After a week of setting up in the park, two full days of a bustling festival, and four hours walking up and down Peachtree & 10th shouting “Happy Pride” to sidewalks full of people, my feet are aching, my ear is numb from my radio earpiece, and my voice is hoarse. It is the most complete and satisfying form of exhaustion that I have ever known. I have loved Atlanta Pride since we first met in 2001, and I am grateful every day for the privilege and responsibility of stewarding this organization that has meant so much to so many people.

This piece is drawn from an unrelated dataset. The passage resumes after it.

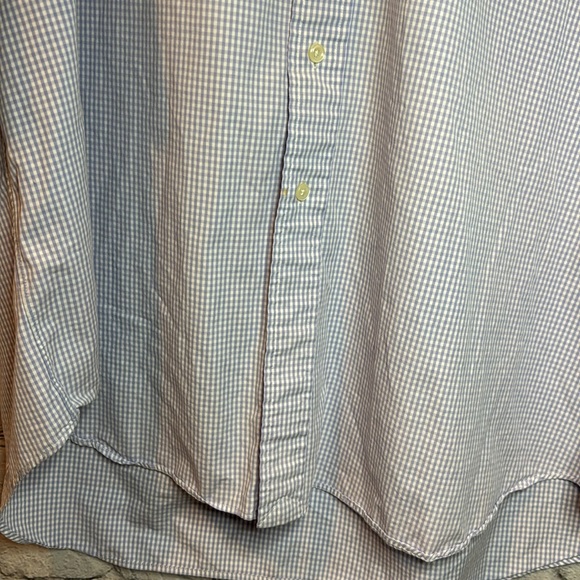 Ralph Lauren | Blake Short Sleeved Button Up Light Purple & White | Size XL - Picture 5 of 6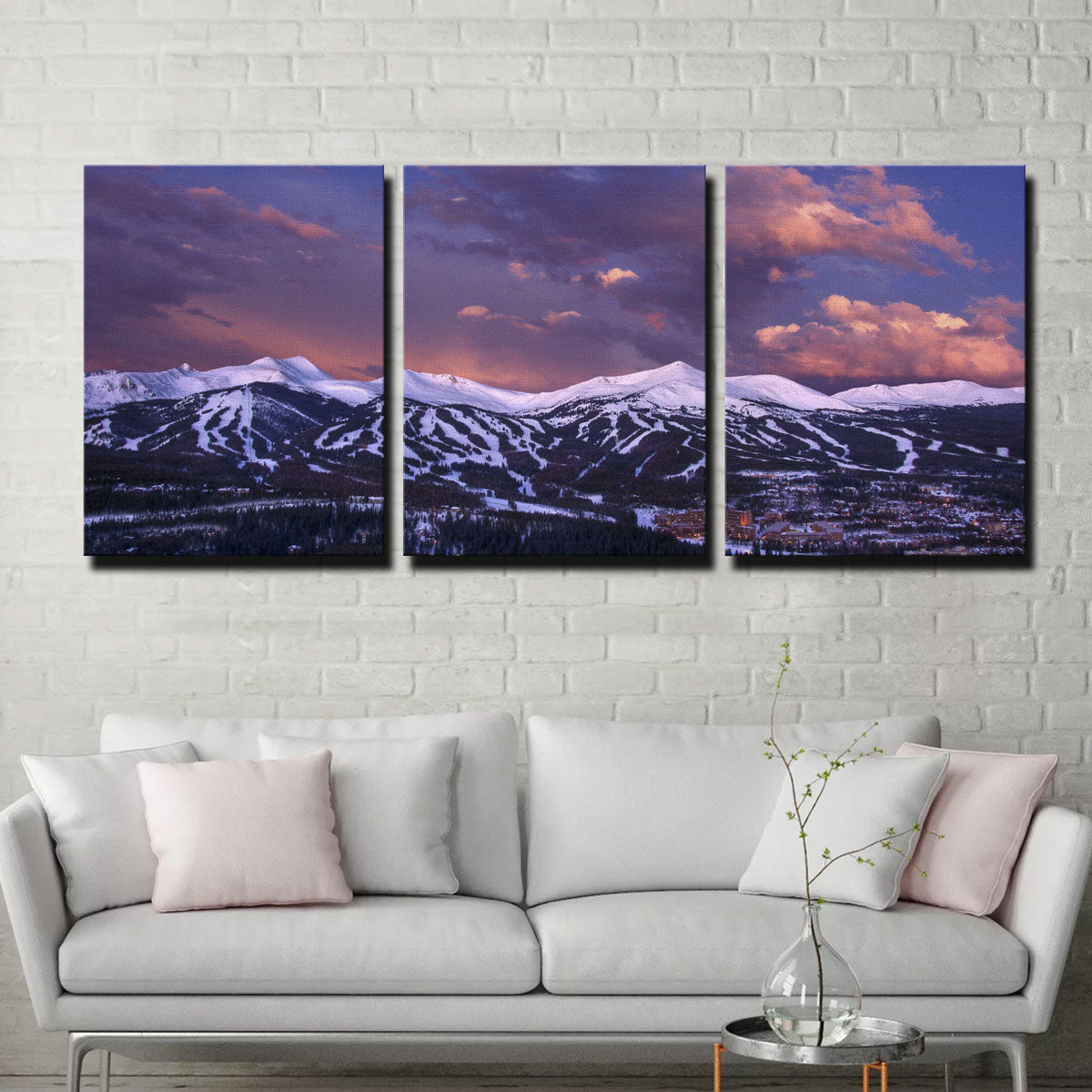 Stunning Breckenridge Wall Art - Sustainable Pine Frame & Museum Quality Canvas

This year is one like we have never known, and with it comes an Atlanta Pride Celebration like we have never known. In 2020, there will be no parade, no stages, no vendor booths, and no undulating rainbow crowds pulsing through Midtown. But we still need community as much as before.

Atlanta marks 50 years of the Pride movement this year. For the last few years, my team and I have been planning our 50th anniversary wishlist. We dreamed up fireworks, a phenomenal entertainer lineup, epic Get out the Vote rallies, and even our own documentary. In January, all of those plans were in motion. By March, they were put on hold, all of us thinking that surely it would be safe to gather by October, even if we needed to do so in masks or with extra handwashing stations. By early summer, it became clear that COVID-19 would change all of our plans.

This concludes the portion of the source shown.